§ Assigned task: Only one stretch of the listing below is wanted. Begin at the line that has "R428A01 2 in", stop after the line that has "Tankaneo Womens 2", and repeat every line in between exactly.

§ Material supplied:
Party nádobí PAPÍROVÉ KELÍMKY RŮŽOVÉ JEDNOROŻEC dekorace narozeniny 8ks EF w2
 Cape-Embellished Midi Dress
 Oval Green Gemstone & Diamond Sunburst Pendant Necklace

* * *

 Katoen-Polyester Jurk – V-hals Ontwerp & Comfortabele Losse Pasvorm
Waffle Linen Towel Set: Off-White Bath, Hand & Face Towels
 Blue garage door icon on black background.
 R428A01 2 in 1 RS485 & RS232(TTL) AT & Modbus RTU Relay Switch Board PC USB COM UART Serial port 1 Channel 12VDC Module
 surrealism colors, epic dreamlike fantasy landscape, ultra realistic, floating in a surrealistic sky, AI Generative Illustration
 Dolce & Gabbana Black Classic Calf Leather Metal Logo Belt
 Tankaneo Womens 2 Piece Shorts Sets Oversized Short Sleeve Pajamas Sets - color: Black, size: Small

§ Answer:
 R428A01 2 in 1 RS485 & RS232(TTL) AT & Modbus RTU Relay Switch Board PC USB COM UART Serial port 1 Channel 12VDC Module
 surrealism colors, epic dreamlike fantasy landscape, ultra realistic, floating in a surrealistic sky, AI Generative Illustration
 Dolce & Gabbana Black Classic Calf Leather Metal Logo Belt
 Tankaneo Womens 2 Piece Shorts Sets Oversized Short Sleeve Pajamas Sets - color: Black, size: Small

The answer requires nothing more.